I can sort this out quickly. Cruz is right. Narrowly speaking Kirk was probably more of a John F. Kennedy Democrat, but he’d likely be a Republican today, or if not that he’d be totally unacceptable to today’s Democratic Party. In any case, my expert witness is the University of Virginia’s Paul Cantor, author of a wonderful book on TV entitled Gilligan Unbound: Pop Culture in an Age of Globalization.
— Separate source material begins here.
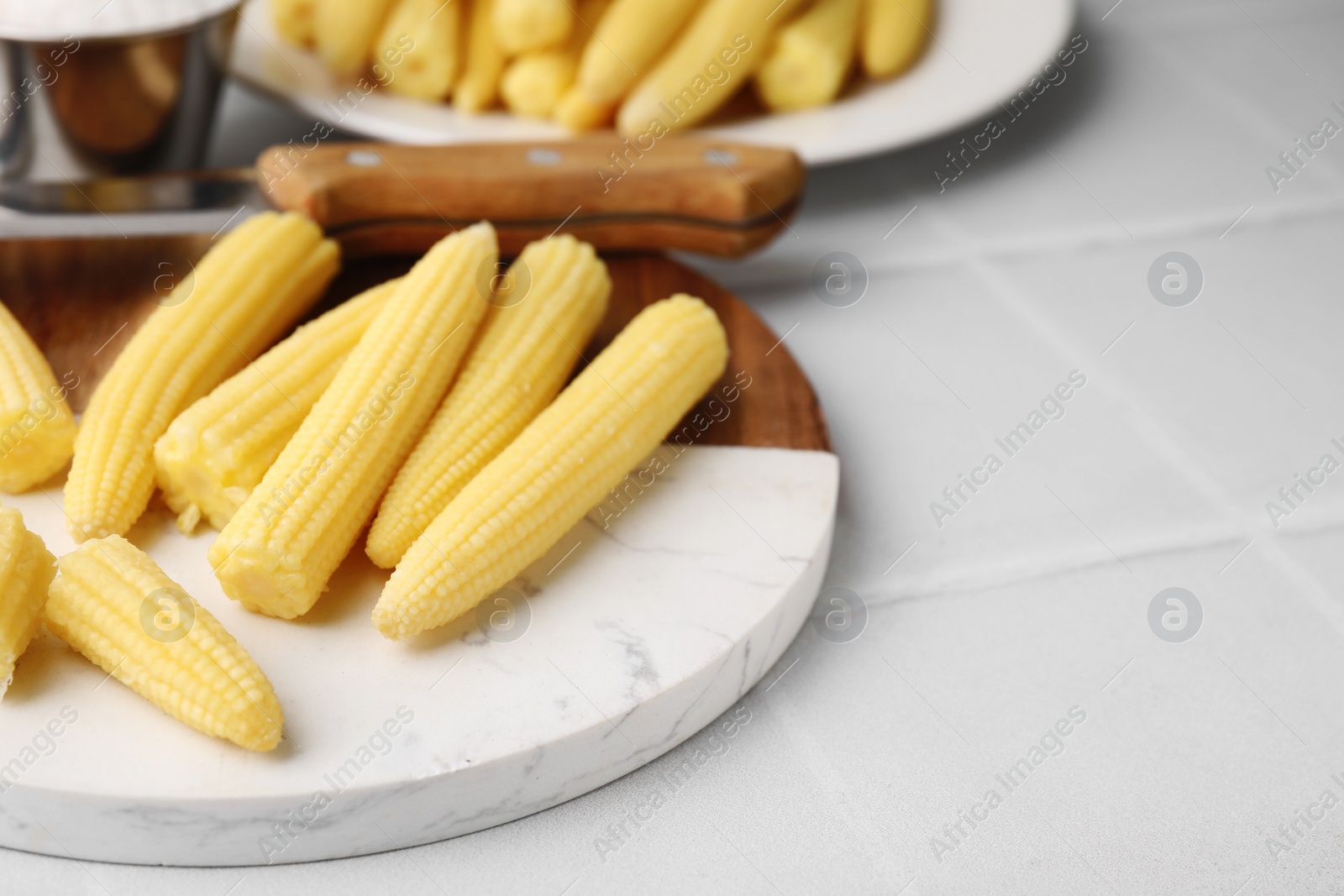 Photo of Tasty fresh yellow baby corns and knife on white tiled table, closeup. Space for text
Here’s an excerpt from his analysis of Kirk and Star Trek: TOS:

The final frontier of Star Trek thus was a science-fiction re-creation of the 1960s New Frontier and James Tiberius Kirk was in many respects an idealized version of John Fitzgerald Kennedy. (Note how both the fictional TV series and the real president invoked the frontier tradition of the American west.) Kennedy was of course closely associated with the issue of space in the American imagination. One of his chief issues in the 1960 presidential campaign was the so-called Missile Gap with the Soviet Union and he made the space program and specifically the mission of landing a man on the moon one of the centerpieces of his presidency. And Kennedy always linked the issue of space to the Cold War; the point above all was for Americans to get to the moon before the Russians. Thus, Star Trek is a good reminder that American liberalism was at one time quite compatible with a militant anti-Communism. Kirk is in fact a Cold Warrior very much on the model of JFK. He justifies his belligerence by insisting that he stands for democracy and freedom and is merely trying to secure the rights of people throughout the galaxy against tyrannical alien powers.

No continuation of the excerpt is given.